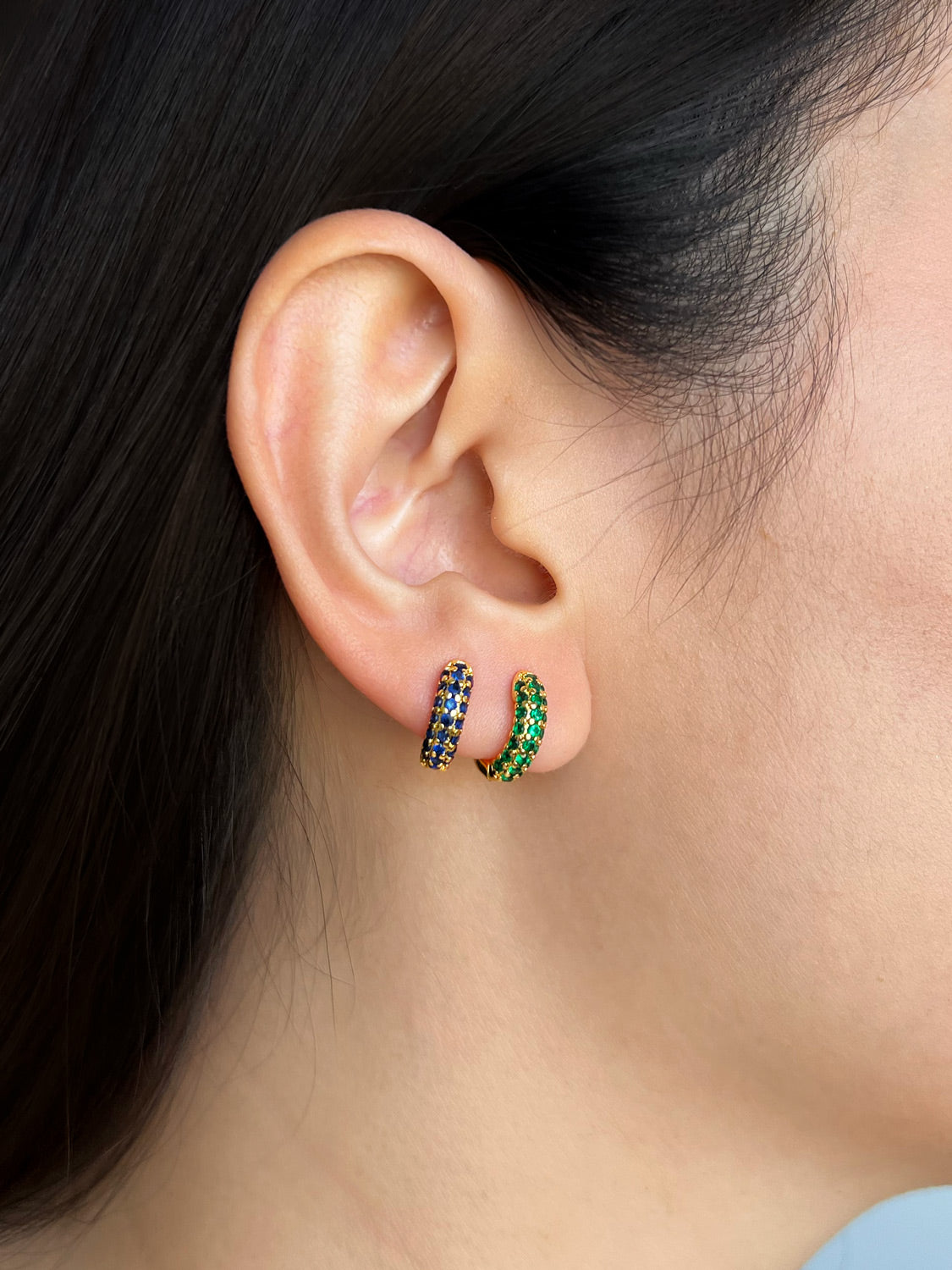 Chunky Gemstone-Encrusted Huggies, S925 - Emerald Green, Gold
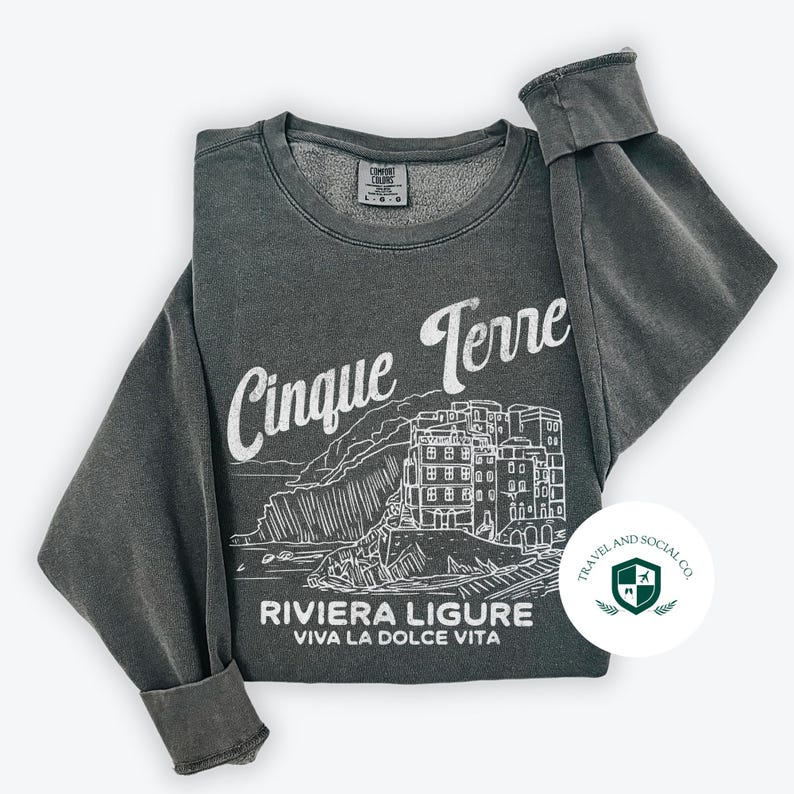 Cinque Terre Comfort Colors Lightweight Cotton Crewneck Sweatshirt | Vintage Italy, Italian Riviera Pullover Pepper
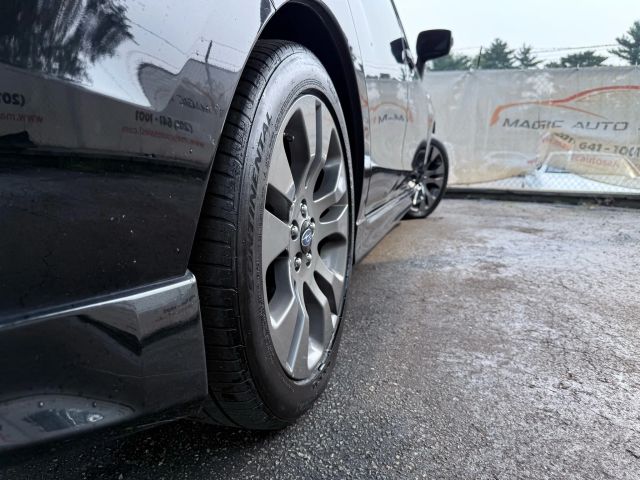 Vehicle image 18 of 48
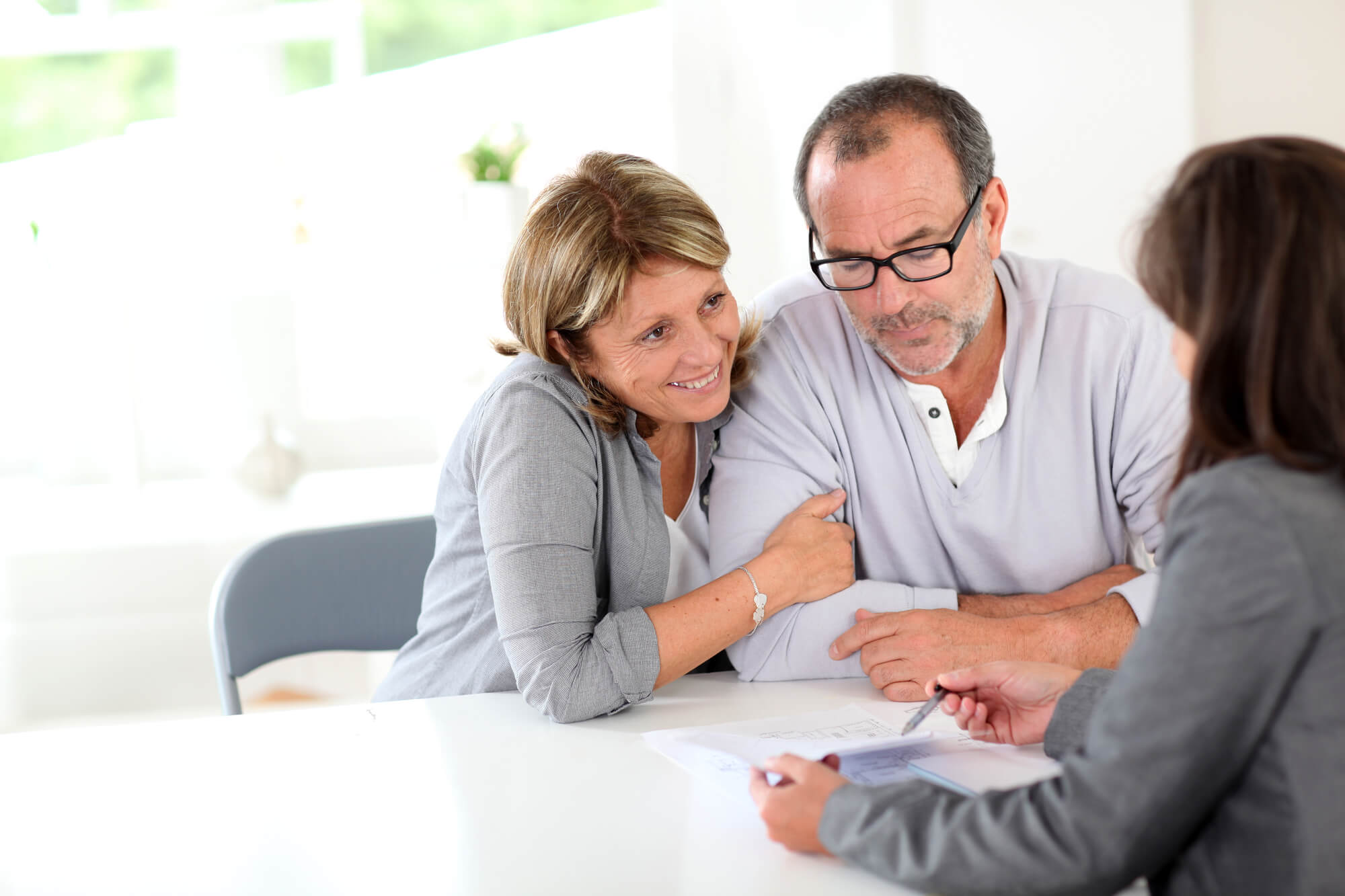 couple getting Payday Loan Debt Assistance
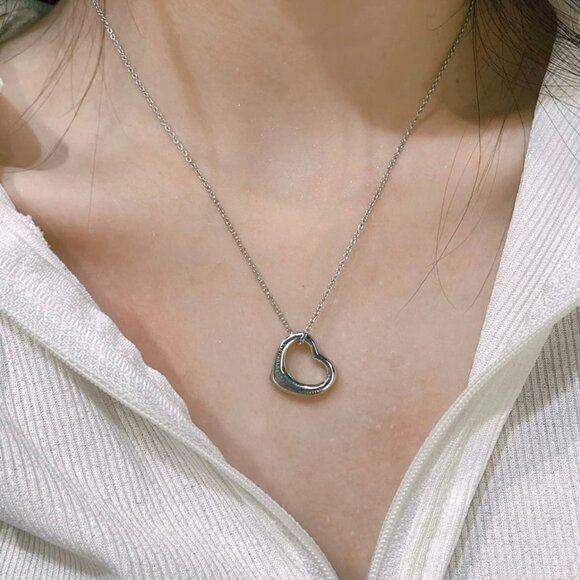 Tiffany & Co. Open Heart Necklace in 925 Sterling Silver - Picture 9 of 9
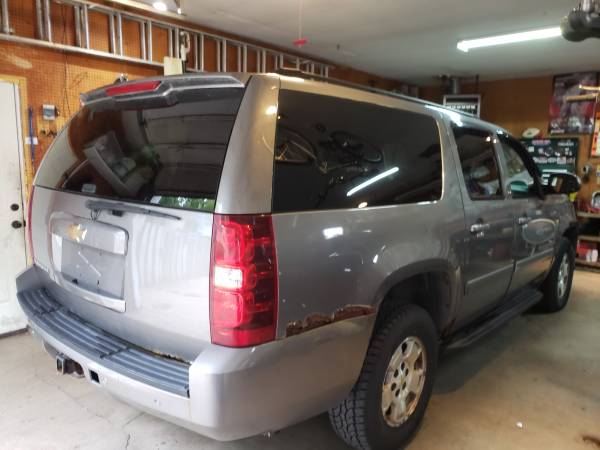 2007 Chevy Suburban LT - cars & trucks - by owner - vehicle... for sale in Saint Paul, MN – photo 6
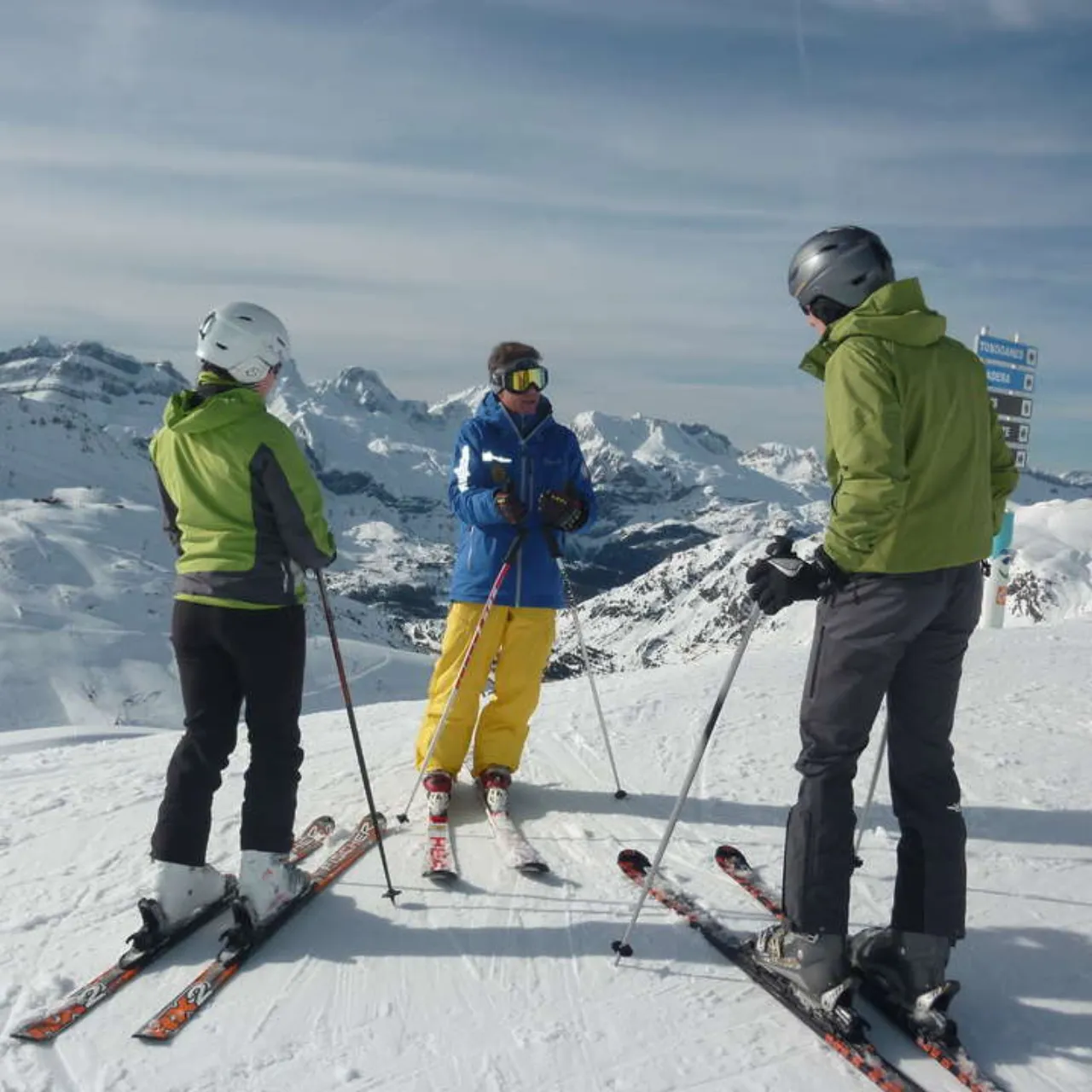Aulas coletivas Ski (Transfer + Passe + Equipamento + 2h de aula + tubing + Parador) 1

-------------------------

* **WHAT IS BEING ASKED**
At the line containing "couple getting Payday Loan Debt Assistance", begin reproducing the entries word for word, and continue through their last line. Leave out the pictures.

* **SOLUTION**
 couple getting Payday Loan Debt Assistance
 Tiffany & Co. Open Heart Necklace in 925 Sterling Silver - Picture 9 of 9
 2007 Chevy Suburban LT - cars & trucks - by owner - vehicle... for sale in Saint Paul, MN – photo 6
Aulas coletivas Ski (Transfer + Passe + Equipamento + 2h de aula + tubing + Parador) 1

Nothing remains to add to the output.